## Data shown:
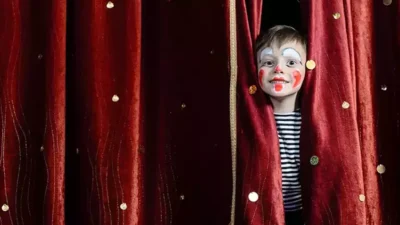 İzmir Büyükşehir Belediyesi, okulların ara tatil döneminde çocuklar için eğlenceli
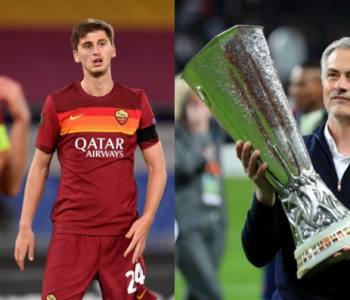 Lojtarët me të cilët do ta ndërtojë Romën portugezi Mourinho, mes tyre edhe Kumbulla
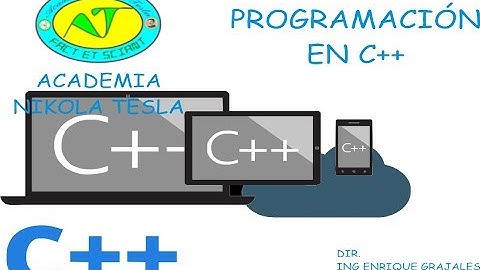 Tutorial C++   7  Operadores Básicos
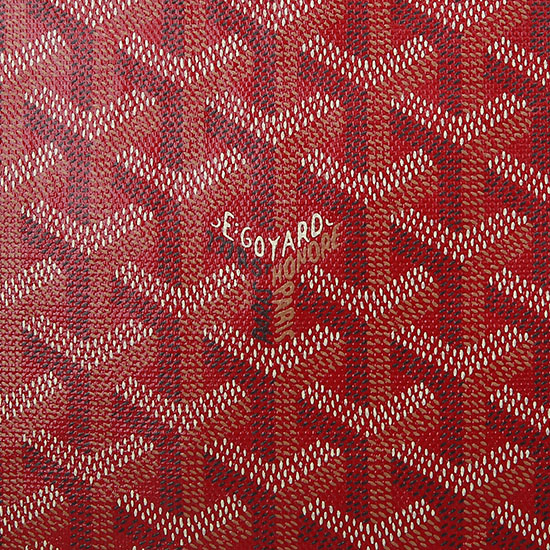 GOYARD(USED)하디백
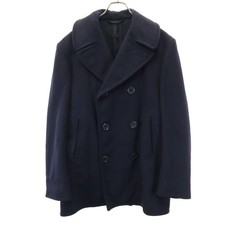 US NAVY 60s DSA Vintage Melton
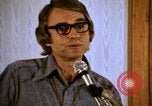 Standbild Menstruation Verordnung Konferenz Honolulu Hawaii USA, 1973, aus Sekunde 24 historischem Filmmaterial Videoclip 65675020957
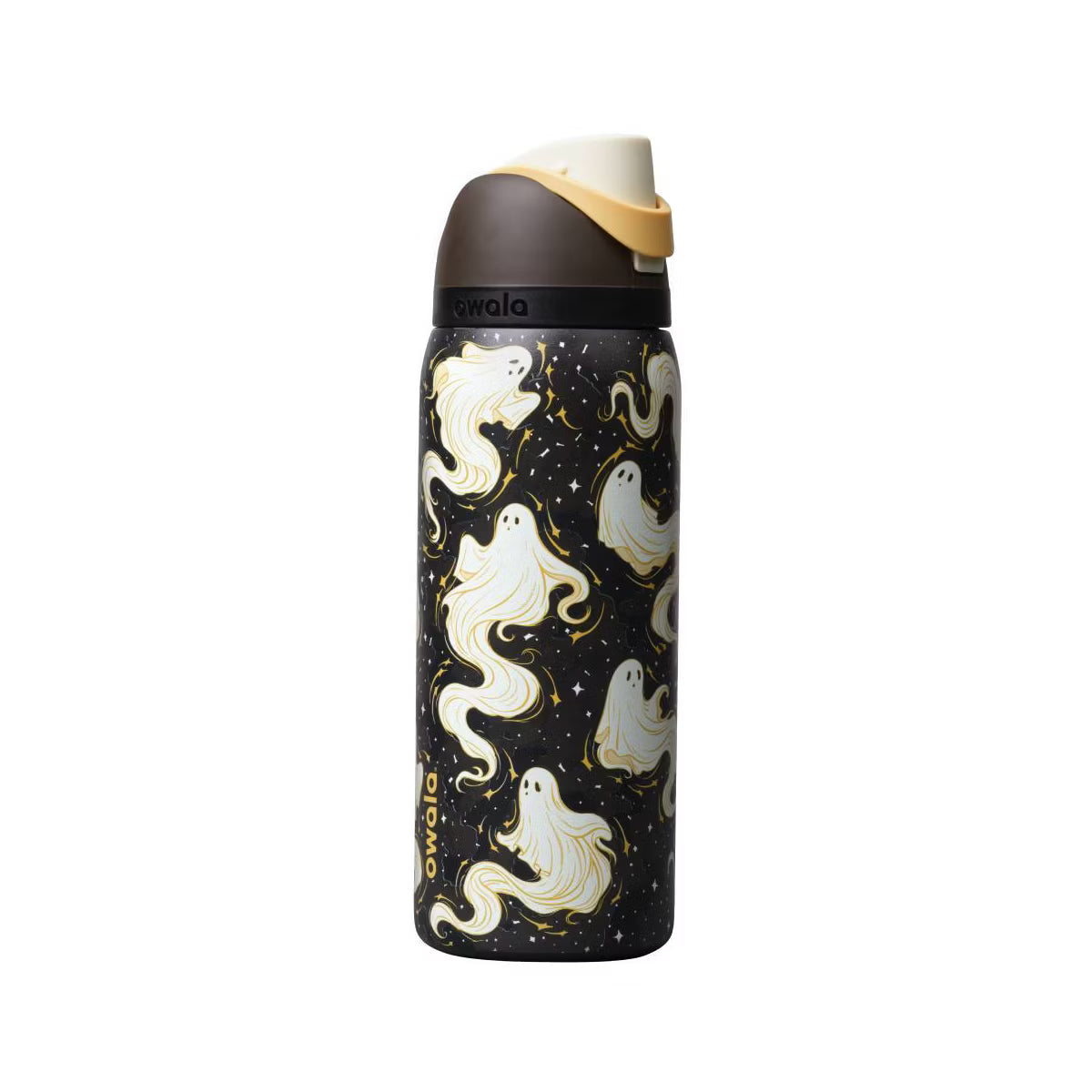 32oz Stainless Steel Special Edition Spooky FreeSip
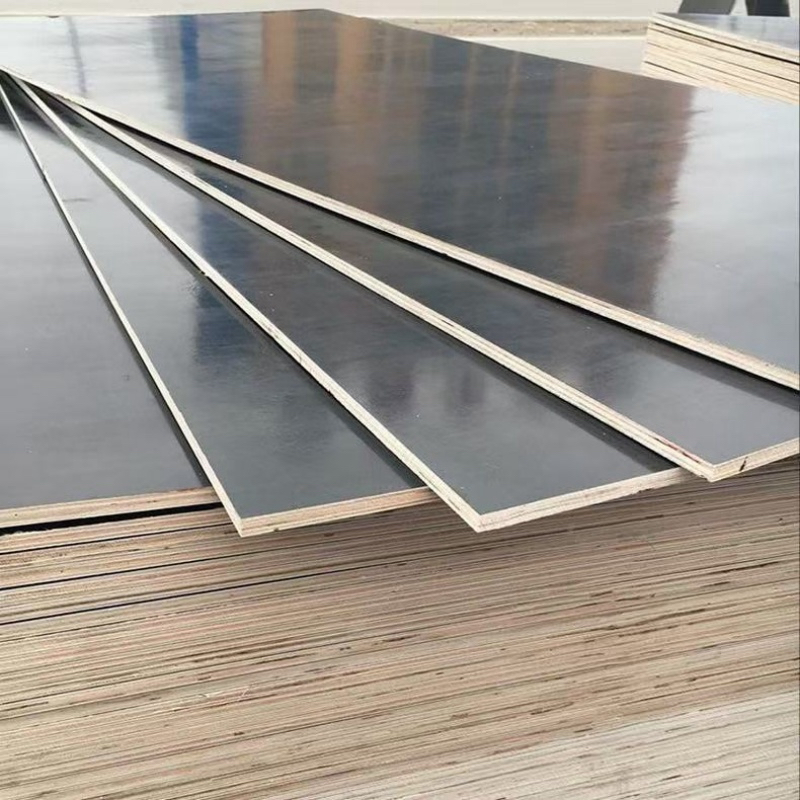 通泰福 建筑模板竹胶板 宽1.22米*长2.44米*厚12mm/块晒单图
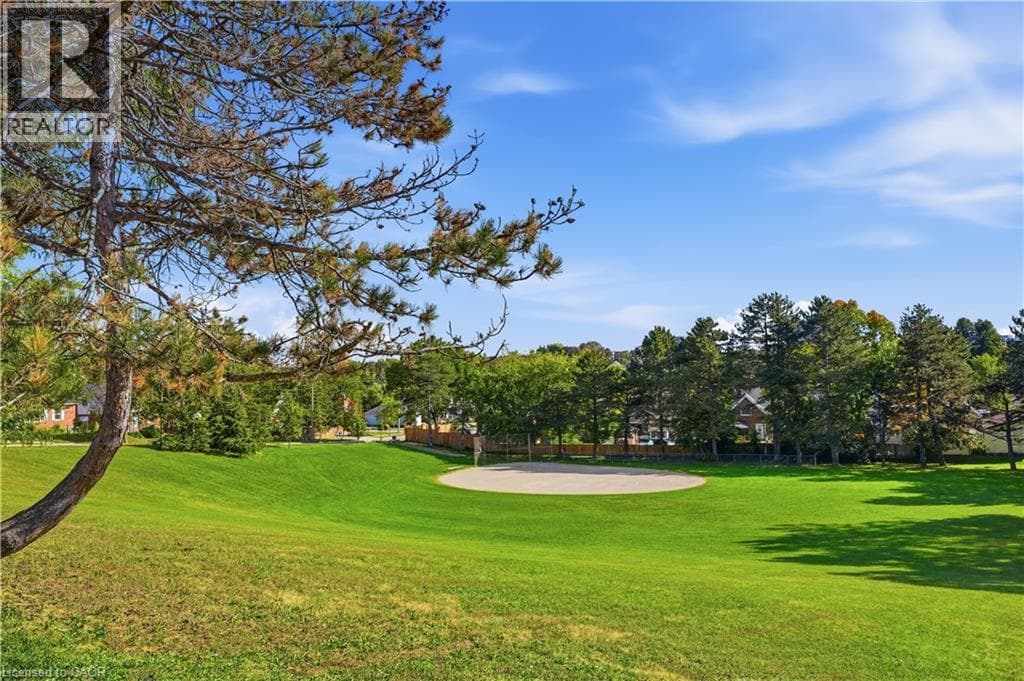 Detached for sale at 12 HILL Street, Mt. Hope Huron Park, Kitchener, Ontario, photo 22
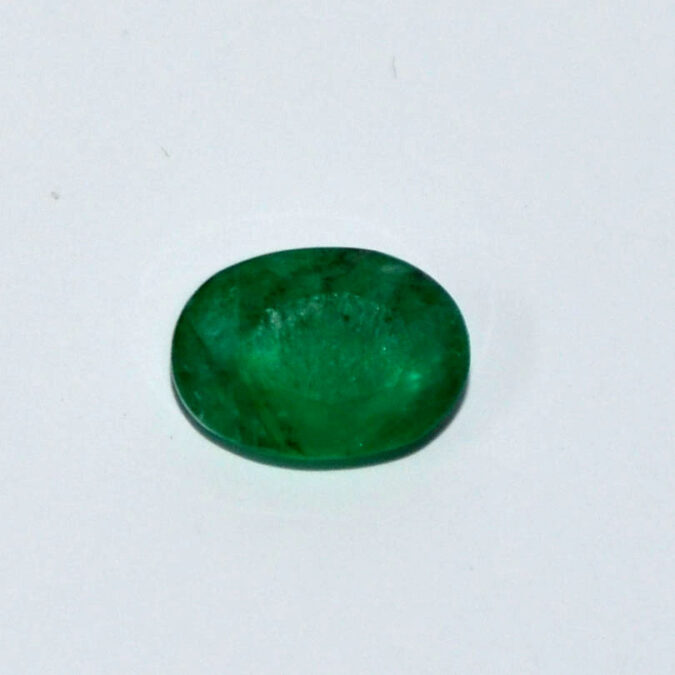 EMRG21516 1 EMERALD 2.3 Ct.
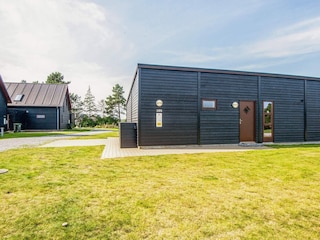 Holiday house Havneby  19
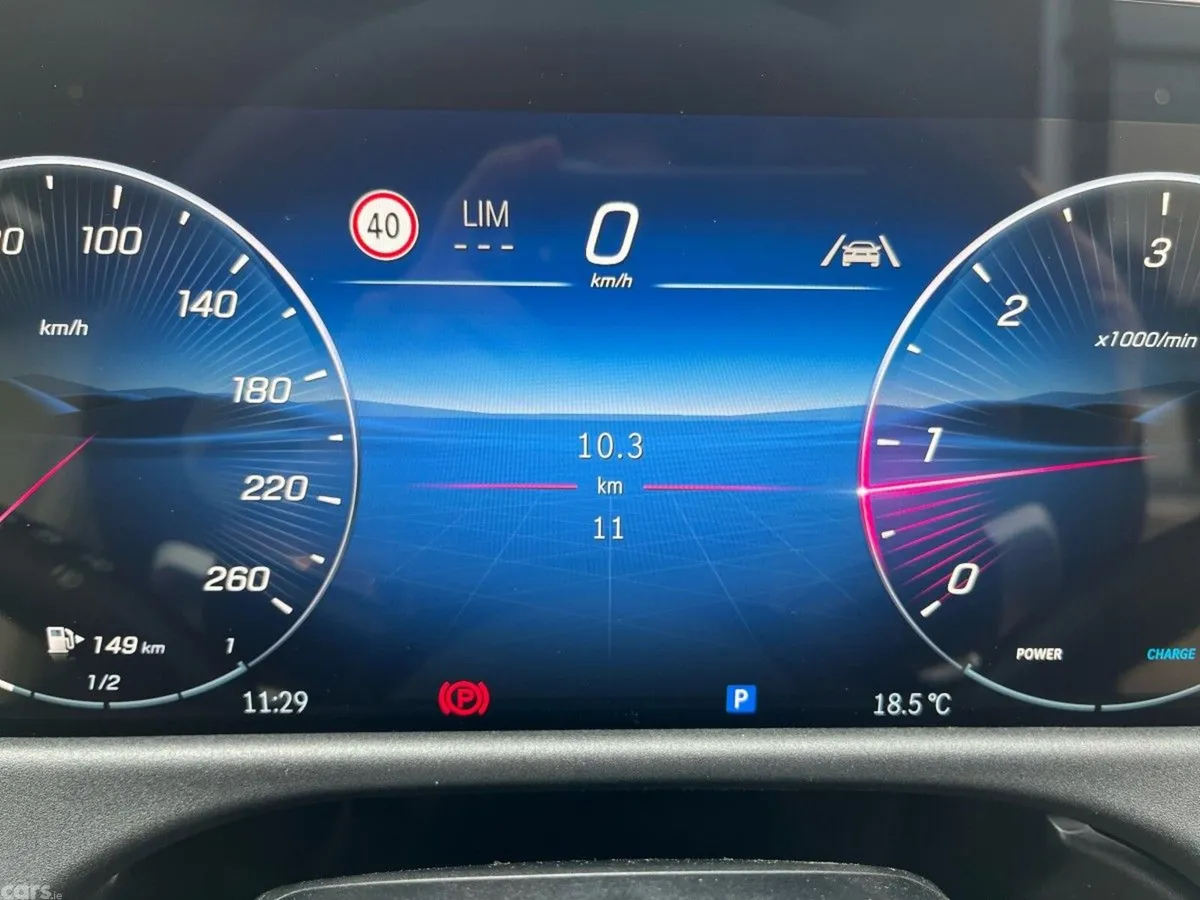 Mercedes-Benz E-Class Saloon, Diesel Hybrid, 2026, Grey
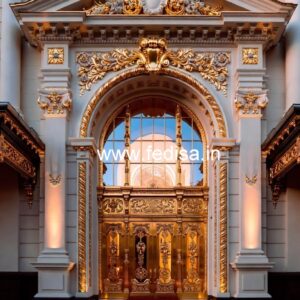 Luxury Hotel Lighting No-6240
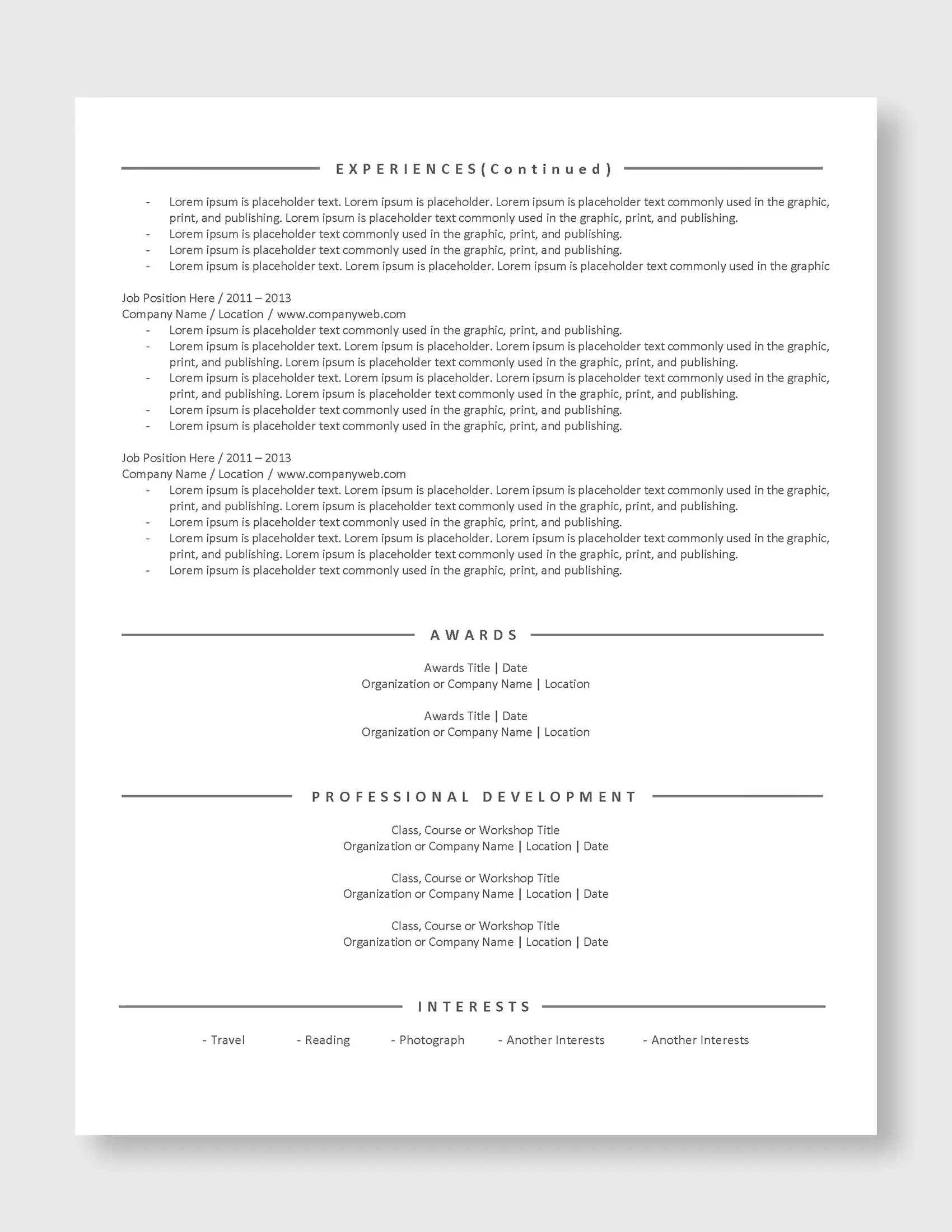 Jacky_Johnson_Us_2_page_ATS_Resume_Page_1_Page_2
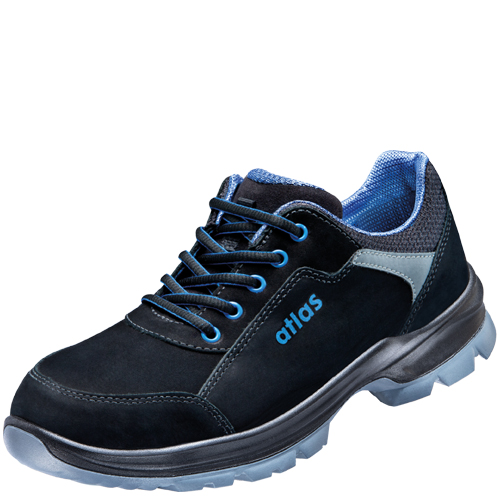 Atlas-Sicherheitshalbschuh alu-tec 625 XP 2.0     ESD S3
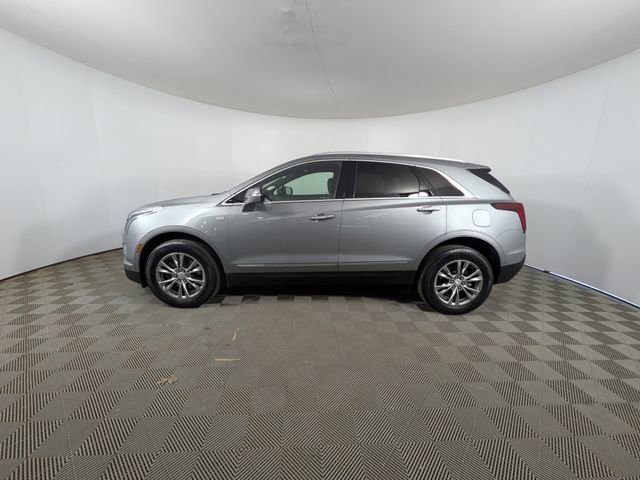 Certified 2023 Cadillac XT5 Premium Luxury image 26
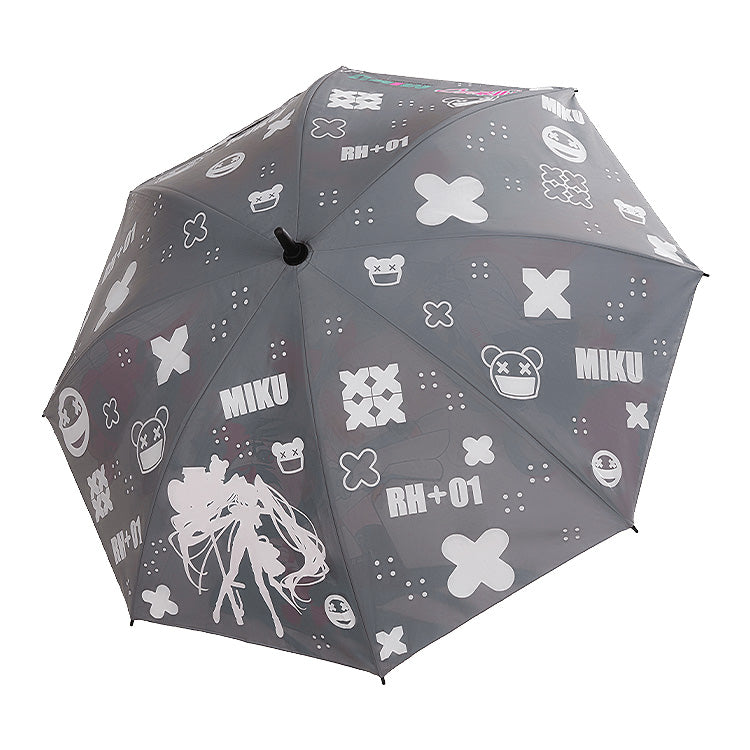 Hatsune Miku GT Project  - Hatsune Miku - Hatsune Miku: Racing Ver. 2025 Umbrella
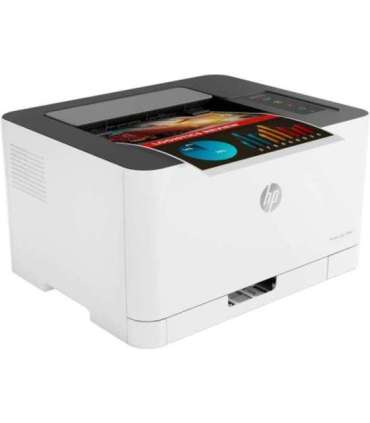HP Color Laser 150nw 600 x 600 DPI A4 Wi-Fi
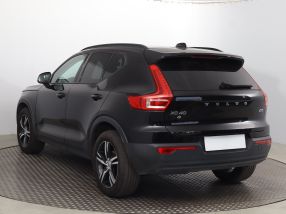 Volvo XC40 - 2019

## Exercise description:
Nothing but the records, restated word for word and stripped of images, belongs in the answer.

## Task output:
 İzmir Büyükşehir Belediyesi, okulların ara tatil döneminde çocuklar için eğlenceli
 Lojtarët me të cilët do ta ndërtojë Romën portugezi Mourinho, mes tyre edhe Kumbulla
 Tutorial C++   7  Operadores Básicos
 GOYARD(USED)하디백
 US NAVY 60s DSA Vintage Melton
 Standbild Menstruation Verordnung Konferenz Honolulu Hawaii USA, 1973, aus Sekunde 24 historischem Filmmaterial Videoclip 65675020957
 32oz Stainless Steel Special Edition Spooky FreeSip
 通泰福 建筑模板竹胶板 宽1.22米*长2.44米*厚12mm/块晒单图
 Detached for sale at 12 HILL Street, Mt. Hope Huron Park, Kitchener, Ontario, photo 22
 EMRG21516 1 EMERALD 2.3 Ct.
 Holiday house Havneby  19
 Mercedes-Benz E-Class Saloon, Diesel Hybrid, 2026, Grey
 Luxury Hotel Lighting No-6240
 Jacky_Johnson_Us_2_page_ATS_Resume_Page_1_Page_2
 Atlas-Sicherheitshalbschuh alu-tec 625 XP 2.0     ESD S3
 Certified 2023 Cadillac XT5 Premium Luxury image 26
 Hatsune Miku GT Project  - Hatsune Miku - Hatsune Miku: Racing Ver. 2025 Umbrella
HP Color Laser 150nw 600 x 600 DPI A4 Wi-Fi
 Volvo XC40 - 2019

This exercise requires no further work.